Wilson has retirement from Pfizer — “it’s not extravagant” — and an IRA (Individual Retirement Account). The valuation on the IRA has gone down quite a bit, but Wilson said he’s not worried about it. It’s in the market long term.

“I may make some changes with it when the market stabilizes ... I think it will come back,” Wilson said.

Those people who jump at every market point every day, “they are wasting their time,” he said. Now is the time to “hold steady” not yank assets around.

“I’d like to see things stabilize ... we could go into a severe depression. But you know it was greed that got us there,” Wilson said.

“I just kind of get angry that there weren’t more rules and regulations against those mortgage bankers,” he said of sub-prime lending.

People were given loans and “they knew they couldn’t pay them back,” Wilson said.

Irresponsible lending and spending has other people of retirement age angered.

“I’ve got no sympathy for people who charge more than they can afford,” said Greg Gnesios, 61, of Grand Junction.

When Gnesios was given shares of Bank of America stock as a gift from his father several years ago, they were worth $10,000.

Their worth has since fallen as low as $4,000 and rebounded to $6,000 a share, last he checked.

“If it had been my money, I would have been apoplectic, but it was a gift,” Gnesios said.

Watching those three shares tumble is as close as Gnesios has come to the stock market in recent years.

Gnesios retired four years ago after a combined 32 years with the National Park Service and the Bureau of Land Management.

He receives a monthly pension check from the U.S. government.

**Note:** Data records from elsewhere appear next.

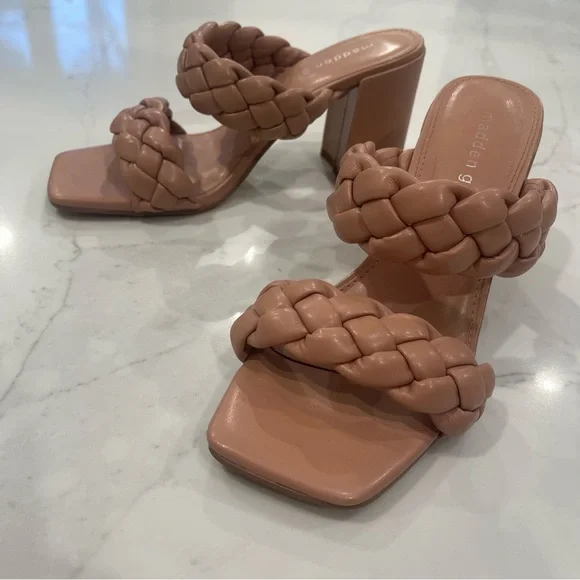Madden Girl tan braided strappy block heels - Picture 4 of 16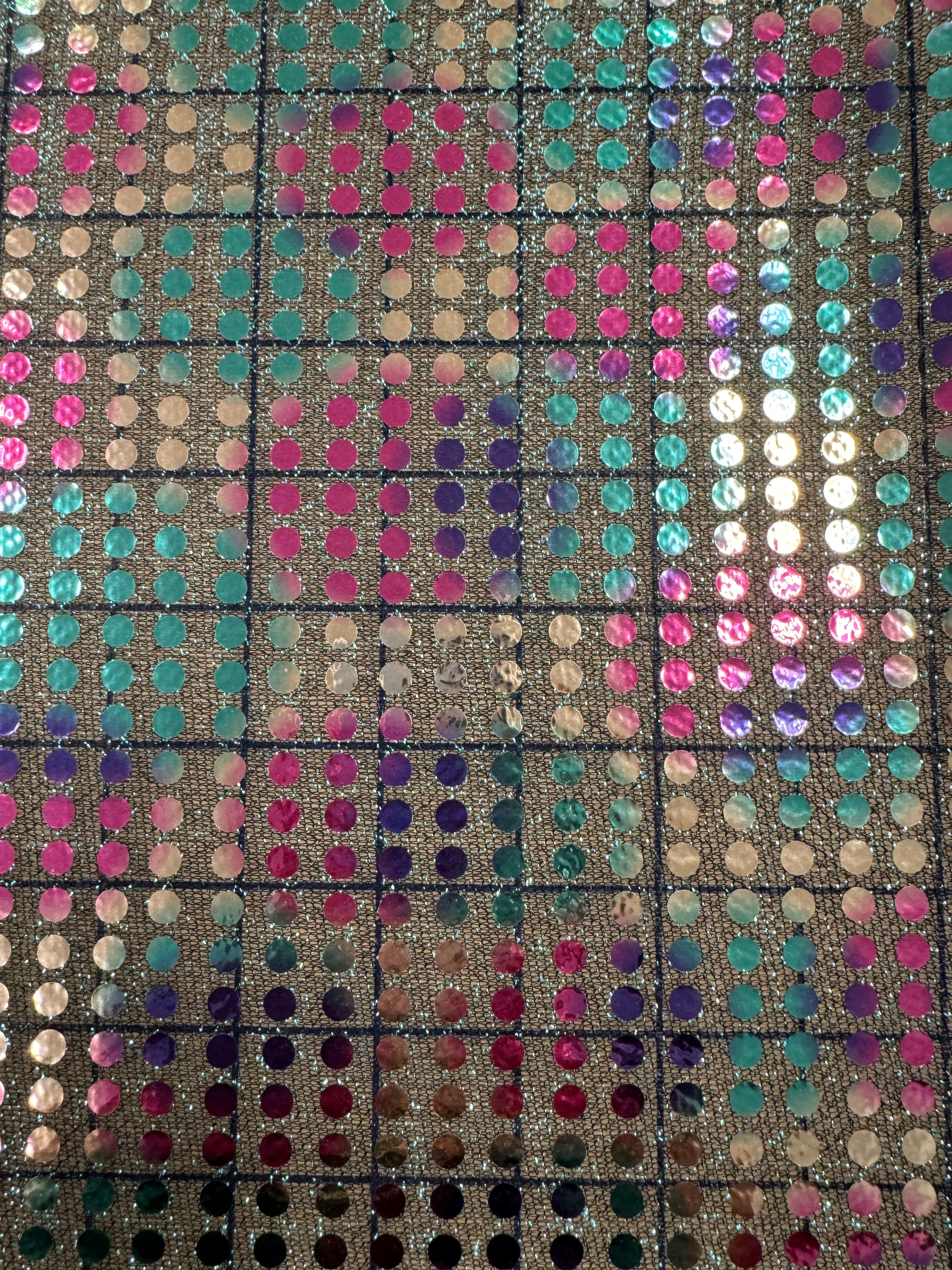 Sequin Metallic Dot Fabric - 44 Inches Wide, Multi-Color Textile for DIY Crafts, Costumes & Home Decor | Premium Closeout Sale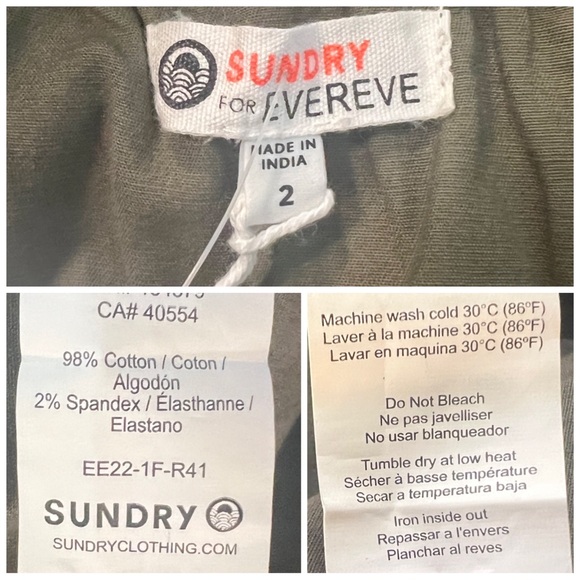 •SUNDRY X Evereve• Woven Pull On Sunday Skirt in Army Green‎ Size Medium - Picture 10 of 15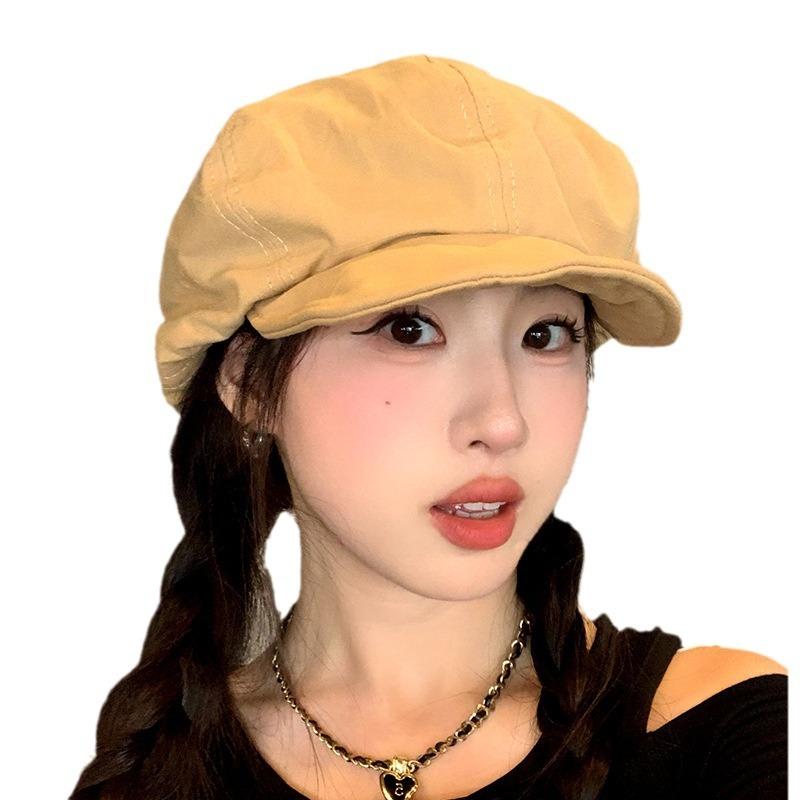 Japanese Literary Beret Women's Retro Literary Painter's Hat with Big Head Circumference and Face Versatile Cloud Octagonal Hat for Women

His family lives on that pension and the checks his wife, Amy Gibbs, brings home from her part-time job with School District 51.

Gnesios has a mortgage. He is saving for his daughter Lindsay’s college education, but he has not touched the retirement fund he set aside while working with the National Park Service. He hasn’t had to and doesn’t want to.

“We don’t buy a lot of stuff we don’t need,” Gnesios said. “You have to look at your life and ask, ‘What do you need?’ I need to hike and go out and enjoy myself.”

The family’s computer is old. They don’t own flat-screen televisions or iPods. When Gnesios’ car was vandalized, the family adjusted their monthly budget to pay $300 to replace the windshield.

Gnesios has friends who aren’t as fortunate. He has a childhood friend his same age without a retirement fund. He’s got a friend in Pagosa Springs of similar age working a full-time job to make ends meet.

“When I was young I got a job and ended up staying with it and ended up with good benefits,” Gnesios said. “There are a lot of people I worked with who are aging baby boomers making it more difficult than it needed to be.”

It goes back to the point Haggerty saw in the “Saturday Night Live” skit.

“Don’t buy things you can’t afford,” Haggerty said. “It’s so simple and no one does it.”

But for those who want to retire soon, time is not on their side when the market goes down.

“They really need to consult their financial advisers and see where their money is invested,” Haggerty said.

D’Andrea talked to his financial adviser Tuesday afternoon about lower-risk options for half his retirement fund.

“If something changes between now and the end of the year, I’m back in (the stock market),” D’Andrea said. “I’m riding it out with half my money still at risk and some safe.”

Haggerty said the healthiest retirement fund is a diversified one where individual investors aren’t counting on one stock to succeed.